● **EXERCISE INPUT**
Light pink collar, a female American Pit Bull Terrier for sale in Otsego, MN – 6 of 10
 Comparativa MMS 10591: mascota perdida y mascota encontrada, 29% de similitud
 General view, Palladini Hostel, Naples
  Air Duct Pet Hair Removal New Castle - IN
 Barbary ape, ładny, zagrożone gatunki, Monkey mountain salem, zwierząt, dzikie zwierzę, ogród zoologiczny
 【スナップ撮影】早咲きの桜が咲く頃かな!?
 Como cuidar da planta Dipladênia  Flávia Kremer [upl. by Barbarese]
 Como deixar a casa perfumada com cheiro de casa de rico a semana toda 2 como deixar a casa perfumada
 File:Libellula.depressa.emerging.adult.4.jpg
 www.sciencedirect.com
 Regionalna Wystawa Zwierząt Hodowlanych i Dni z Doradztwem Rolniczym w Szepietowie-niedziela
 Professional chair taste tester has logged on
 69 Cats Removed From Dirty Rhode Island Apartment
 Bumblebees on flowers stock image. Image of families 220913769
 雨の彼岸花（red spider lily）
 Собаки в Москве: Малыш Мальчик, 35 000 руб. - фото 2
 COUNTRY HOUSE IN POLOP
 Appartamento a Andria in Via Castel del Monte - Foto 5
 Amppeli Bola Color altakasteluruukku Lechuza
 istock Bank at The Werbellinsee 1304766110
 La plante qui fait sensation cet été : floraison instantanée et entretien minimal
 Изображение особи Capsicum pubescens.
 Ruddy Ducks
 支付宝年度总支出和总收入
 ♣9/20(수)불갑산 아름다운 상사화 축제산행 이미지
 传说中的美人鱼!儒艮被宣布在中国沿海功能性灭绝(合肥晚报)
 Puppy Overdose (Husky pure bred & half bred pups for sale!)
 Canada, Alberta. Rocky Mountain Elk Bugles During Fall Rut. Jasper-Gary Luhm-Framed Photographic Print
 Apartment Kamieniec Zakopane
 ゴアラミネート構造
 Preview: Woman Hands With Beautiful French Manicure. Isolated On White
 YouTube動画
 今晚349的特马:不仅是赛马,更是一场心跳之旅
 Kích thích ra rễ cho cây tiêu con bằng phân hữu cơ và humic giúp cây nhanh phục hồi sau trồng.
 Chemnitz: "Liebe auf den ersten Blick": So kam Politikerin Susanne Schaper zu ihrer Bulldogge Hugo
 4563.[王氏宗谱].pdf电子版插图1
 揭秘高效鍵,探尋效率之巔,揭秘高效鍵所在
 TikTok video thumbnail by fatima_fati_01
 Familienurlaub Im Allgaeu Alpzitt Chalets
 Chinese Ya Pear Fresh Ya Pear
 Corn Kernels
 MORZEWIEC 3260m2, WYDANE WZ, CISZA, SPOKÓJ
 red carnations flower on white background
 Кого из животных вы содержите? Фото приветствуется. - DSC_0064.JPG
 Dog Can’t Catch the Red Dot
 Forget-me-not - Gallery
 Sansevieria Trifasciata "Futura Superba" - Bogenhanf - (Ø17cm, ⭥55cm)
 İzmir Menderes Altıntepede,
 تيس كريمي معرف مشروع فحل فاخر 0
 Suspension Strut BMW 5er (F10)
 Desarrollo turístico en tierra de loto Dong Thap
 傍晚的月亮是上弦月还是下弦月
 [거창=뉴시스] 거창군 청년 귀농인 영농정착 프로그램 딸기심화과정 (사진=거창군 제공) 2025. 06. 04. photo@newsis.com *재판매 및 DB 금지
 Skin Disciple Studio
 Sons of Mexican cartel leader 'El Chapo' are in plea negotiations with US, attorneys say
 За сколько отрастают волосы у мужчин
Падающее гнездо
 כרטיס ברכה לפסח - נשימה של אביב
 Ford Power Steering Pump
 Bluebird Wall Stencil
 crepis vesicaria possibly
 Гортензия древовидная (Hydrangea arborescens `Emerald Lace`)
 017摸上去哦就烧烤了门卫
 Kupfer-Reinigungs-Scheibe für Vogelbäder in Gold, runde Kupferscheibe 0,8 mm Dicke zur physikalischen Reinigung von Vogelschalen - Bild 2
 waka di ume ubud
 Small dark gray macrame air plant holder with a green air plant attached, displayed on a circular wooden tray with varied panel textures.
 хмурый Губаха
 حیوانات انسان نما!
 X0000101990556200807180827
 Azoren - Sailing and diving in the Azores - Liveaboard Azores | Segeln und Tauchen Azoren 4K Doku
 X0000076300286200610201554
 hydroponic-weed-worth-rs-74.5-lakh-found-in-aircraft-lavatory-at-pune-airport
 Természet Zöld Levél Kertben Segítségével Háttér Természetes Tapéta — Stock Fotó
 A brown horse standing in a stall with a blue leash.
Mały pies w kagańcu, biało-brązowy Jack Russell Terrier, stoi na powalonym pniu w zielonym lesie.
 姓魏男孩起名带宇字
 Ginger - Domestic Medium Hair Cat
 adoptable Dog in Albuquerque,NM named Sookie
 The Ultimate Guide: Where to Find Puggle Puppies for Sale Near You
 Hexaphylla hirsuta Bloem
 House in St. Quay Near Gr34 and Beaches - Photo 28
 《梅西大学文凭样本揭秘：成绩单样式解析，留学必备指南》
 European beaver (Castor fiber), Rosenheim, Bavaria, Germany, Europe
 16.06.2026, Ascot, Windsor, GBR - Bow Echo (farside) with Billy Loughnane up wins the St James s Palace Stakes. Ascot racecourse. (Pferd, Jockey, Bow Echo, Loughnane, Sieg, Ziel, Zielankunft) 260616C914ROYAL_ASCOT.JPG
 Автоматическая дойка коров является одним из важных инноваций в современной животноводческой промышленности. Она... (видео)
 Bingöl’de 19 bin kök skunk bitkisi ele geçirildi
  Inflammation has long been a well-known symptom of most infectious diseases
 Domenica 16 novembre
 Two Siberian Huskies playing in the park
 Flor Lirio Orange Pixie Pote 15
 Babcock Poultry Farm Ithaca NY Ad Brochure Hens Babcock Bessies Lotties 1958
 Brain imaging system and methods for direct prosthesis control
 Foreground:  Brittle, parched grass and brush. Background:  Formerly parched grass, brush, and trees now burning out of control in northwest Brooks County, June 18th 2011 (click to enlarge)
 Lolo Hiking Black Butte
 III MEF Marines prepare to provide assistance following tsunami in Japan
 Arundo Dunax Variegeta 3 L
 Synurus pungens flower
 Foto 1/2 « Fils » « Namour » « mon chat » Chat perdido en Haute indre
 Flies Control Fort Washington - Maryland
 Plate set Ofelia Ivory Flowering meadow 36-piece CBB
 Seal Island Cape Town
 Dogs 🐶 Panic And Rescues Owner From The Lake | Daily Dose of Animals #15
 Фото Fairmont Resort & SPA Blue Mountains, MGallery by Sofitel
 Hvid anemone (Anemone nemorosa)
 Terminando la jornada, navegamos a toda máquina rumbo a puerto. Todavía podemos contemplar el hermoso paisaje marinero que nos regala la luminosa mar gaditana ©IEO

● **ACTION ITEM**
Identify all lines in the records above with the word "From".

● **ANSWER TO THIS TASK**
 69 Cats Removed From Dirty Rhode Island Apartment
 Dogs 🐶 Panic And Rescues Owner From The Lake | Daily Dose of Animals #15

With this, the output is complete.